Question

Given that \( z \) is a real number and \( z = \frac{\lambda + 4i}{1+\lambda i} \) where \( \lambda \in R \), then the possible value of \( \lambda \) is:

• A. \( -2 \)
• B. \( 2i \)
• C. \( 5 \)
• D. \( \pm 2i \)

Hint:

For a complex number to be real, its imaginary part must be zeroRationalize first and then equate the imaginary part to zero.

Answer 1

The Correct Option is A

Step 1: Write the given complex number.
\[ z = \frac{\lambda + 4i}{1+\lambda i} \]
Given that \( z \) is real and \( \lambda \in R \).

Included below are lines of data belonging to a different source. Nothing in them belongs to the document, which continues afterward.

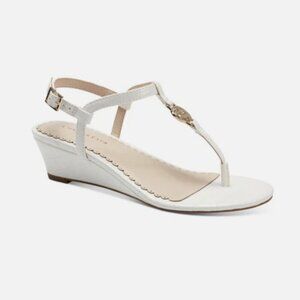 CHARTER CLUB Womens White Croc Palerrmo Round Toe Wedge Slingback Sandal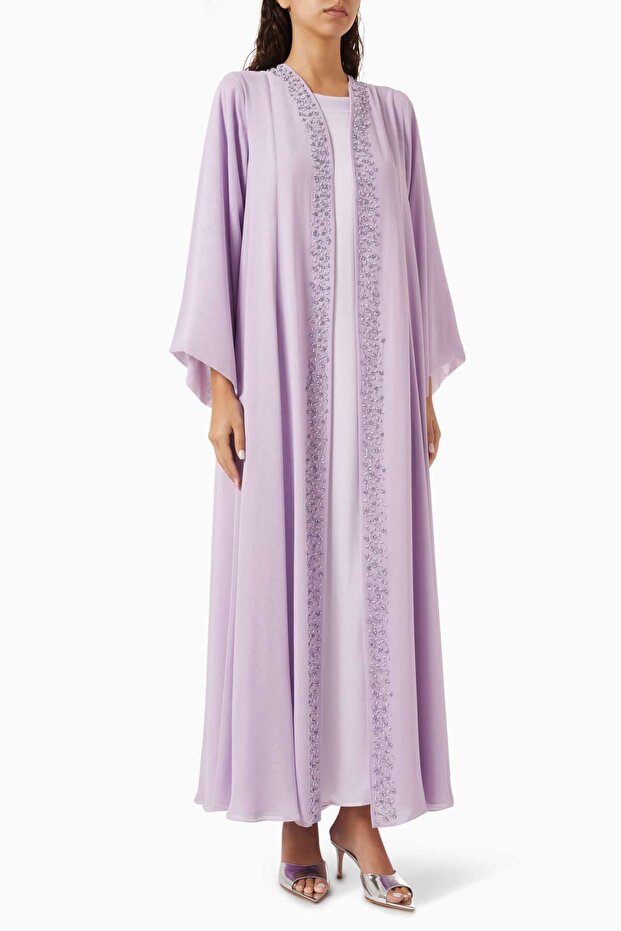 Stylish Abaya Set with Two Layers of Chiffon and Lace Trim Complete Your Everyday Look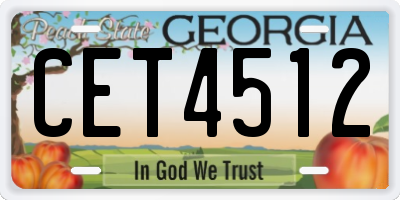 GA license plate CET4512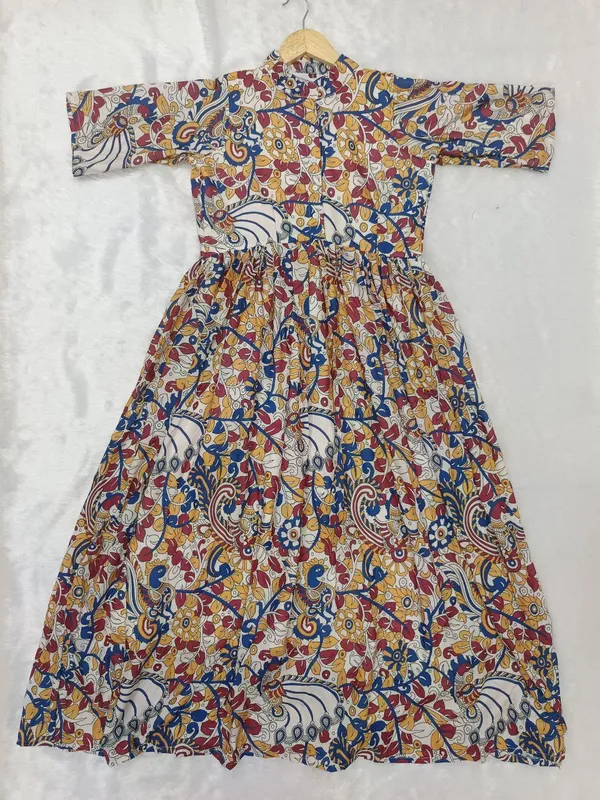 Multicolor_Kalamkari_Printed_Soft_Cotton_Dress_For_Women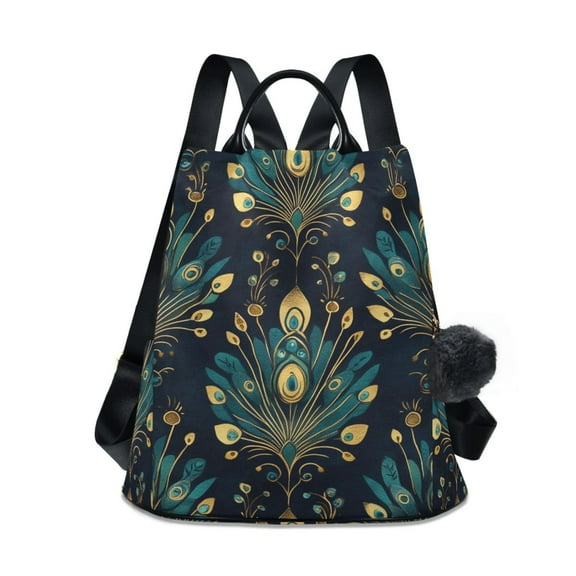 FORMRS Women's Travel Backpack Purse Anti-Theft Hidden Pockets Casual Shoulder Bag, Gold Peacock Pattern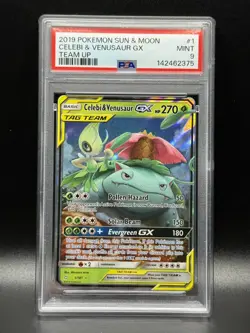 PSA 9 MINT Celebi & Venusaur GX 1 Team Up Pokemon Card - Image 1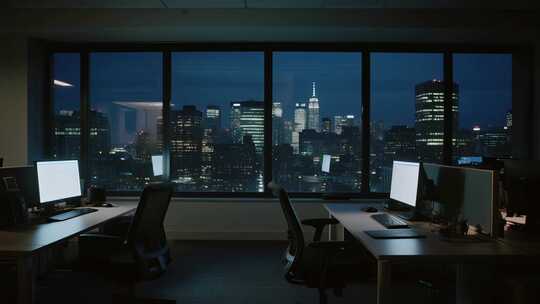 办公室窗外城市夜景商务加班场景视频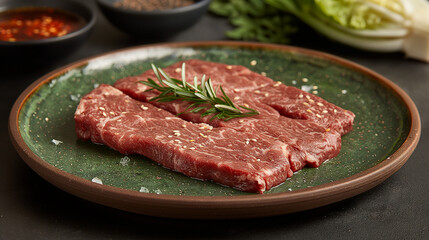 Steak, Japanese and beef, fresh, ice, on a cabbage plate with a monochrome background.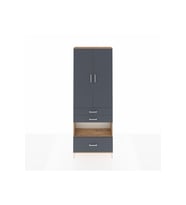 Arges Dolap 4 Raflı 3 Çekmeceli 2 Kapaklı 88x30x243 Çam-Antrasit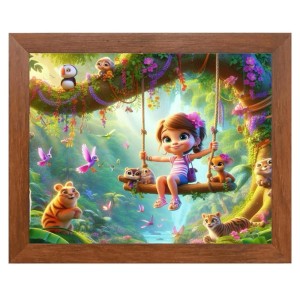 AI Funny Cute Girls With Animals Art Picture for Kids - 16x20 inches, Brown Color - Perfect Wall Decor for Children's Room AI Funny Cute Girls With Animals Art Picture for Kids - 16x20 inches, Brown Color - Perfect Wall Decor for Children's Room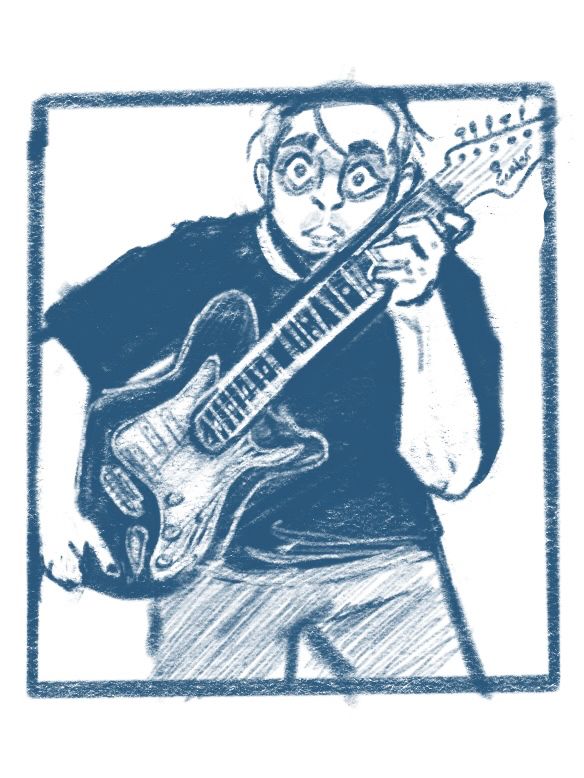 a single color redraw of a System of a Down magazine cover, featuring their guitarist Daron malakian staring at the viewer, clutching a fender Stratocaster.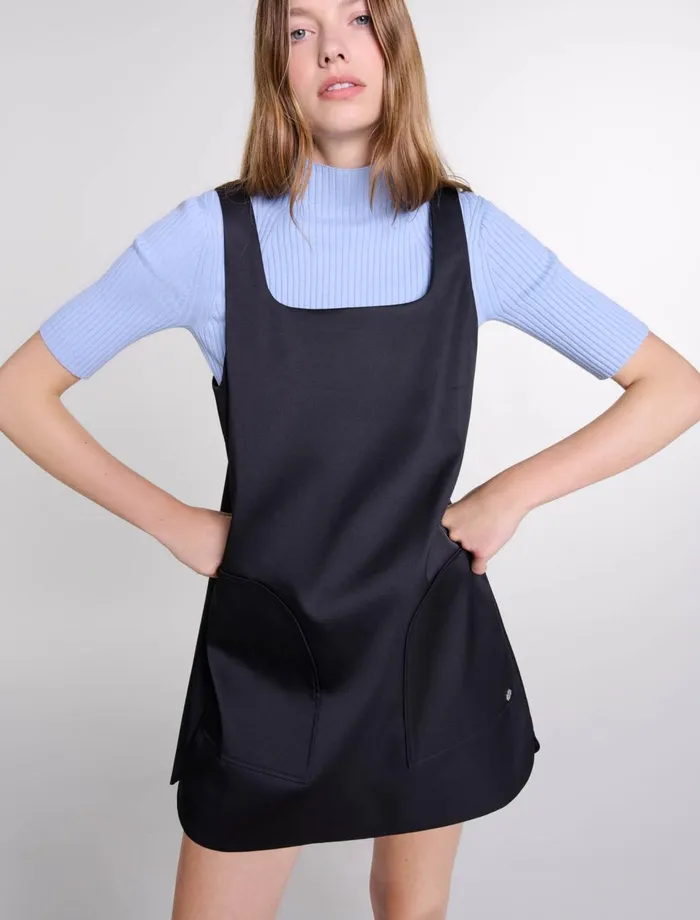 Dresses Women Maje Satin Pinafore Dress Black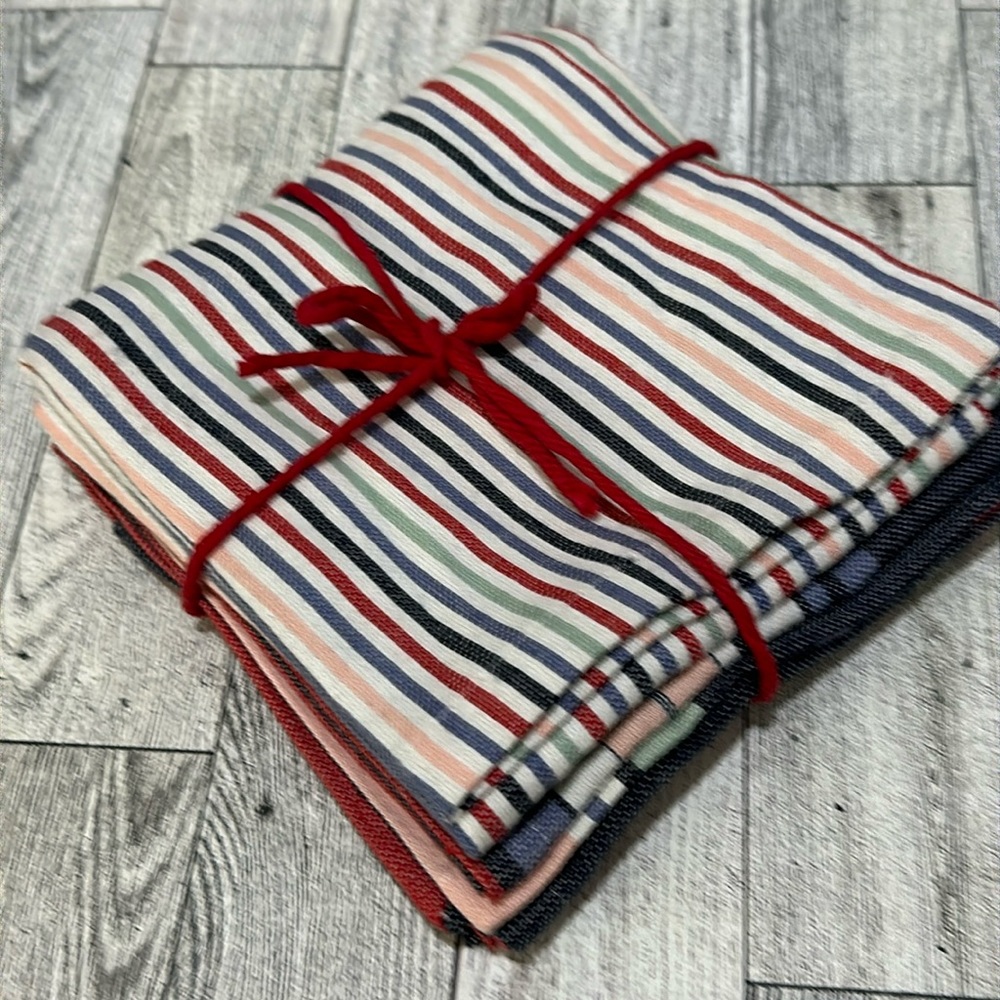 Striped blue kitchen dish towels lot of 4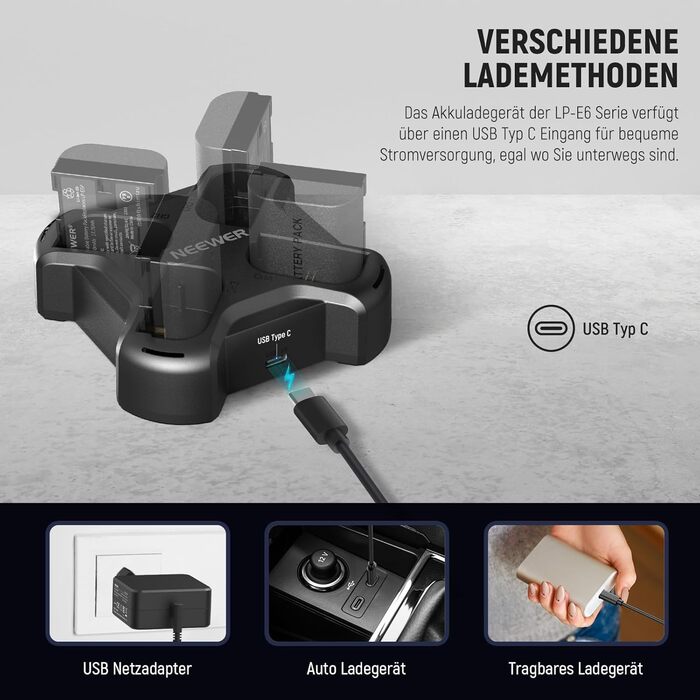 Набір акумуляторів NEEWER LP-E6NH (3 шт.) 2250mAh та зарядний пристрій USB з трьома слотами для Canon EOS R7, R5, R6, R6 II, R 5DIV, 6DII, 7DII, 80D, 90D (NW-P4 з PD 45W)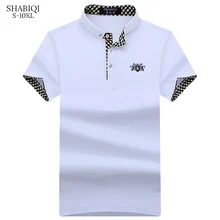 SHABIQI, новинка, брендовая рубашка поло, мужские вышитые рубашки поло, хлопок, короткий рукав, рубашка поло, повседневная, стоячий воротник, мужские Поло, s 5XL
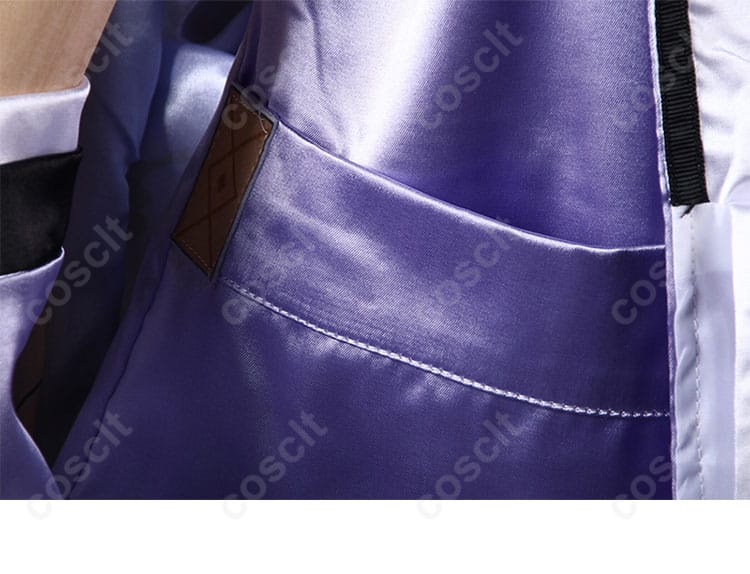 衣服のポケットディテール。シュエンのコスプレ衣装のリアルなディテール。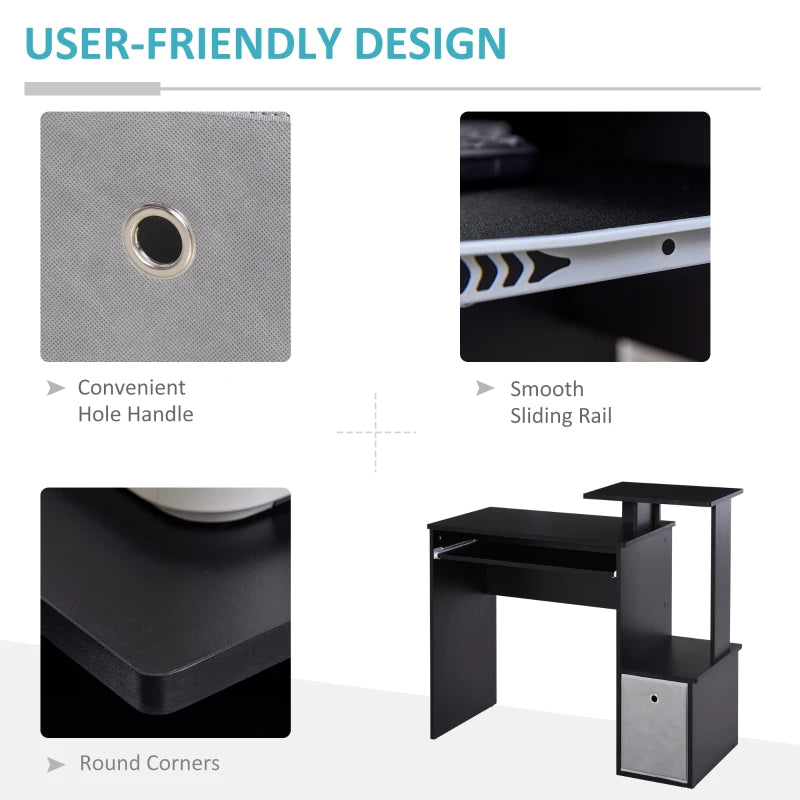 Black Computer Desk with Sliding Keyboard Tray, Storage Drawer & Shelf - Ideal Home Office Workstation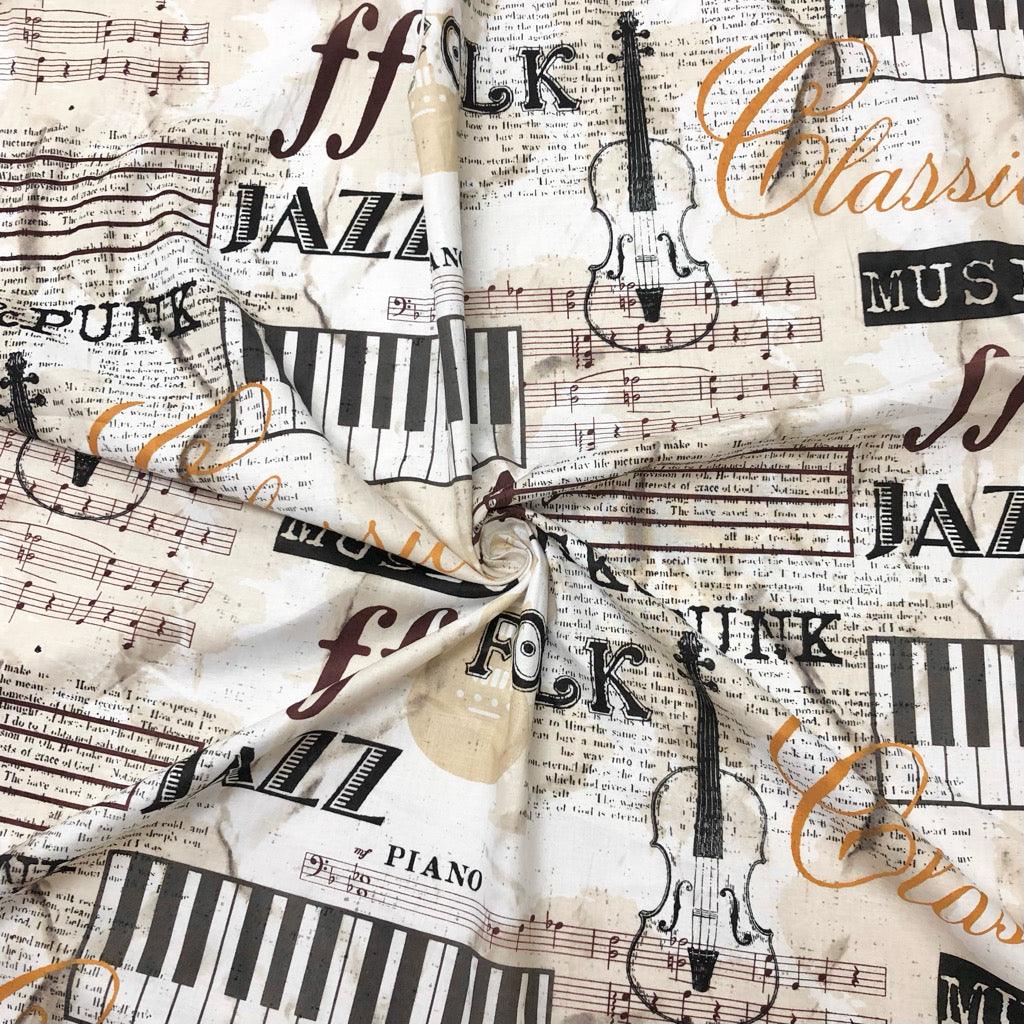 Music Themed Cotton Poplin Fabric - Pound Fabrics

Step 2: Rationalize the denominator.
Multiply numerator and denominator by the conjugate of \( 1+\lambda i \), which is \( 1-\lambda i \):
\[ z = \frac{(\lambda + 4i)(1-\lambda i)}{(1+\lambda i)(1-\lambda i)} \]

Step 3: Simplify the denominator.
\[ (1+\lambda i)(1-\lambda i) = 1 - \lambda^2 i^2 \]
Since \( i^2 = -1 \):
\[ = 1 + \lambda^2 \]

Step 4: Simplify the numerator.
\[ (\lambda + 4i)(1-\lambda i) \]
\[ = \lambda - \lambda^2 i + 4i - 4\lambda i^2 \]
Since \( i^2 = -1 \):
\[ = \lambda - \lambda^2 i + 4i + 4\lambda \]
\[ = 5\lambda + (4-\lambda^2)i \]

Step 5: Write \( z \) in real and imaginary form.
\[ z = \frac{5\lambda + (4-\lambda^2)i}{1+\lambda^2} \]
\[ z = \frac{5\lambda}{1+\lambda^2} + \frac{4-\lambda^2}{1+\lambda^2}i \]

Step 6: Use the condition that \( z \) is real.
For \( z \) to be real, imaginary part must be zero.
\[ \frac{4-\lambda^2}{1+\lambda^2} = 0 \]
\[ 4-\lambda^2 = 0 \]
\[ \lambda^2 = 4 \]
\[ \lambda = \pm 2 \]

Step 7: Match with the given options.
Among the given options, only \( -2 \) is a real possible value.
\[ \boxed{-2} \]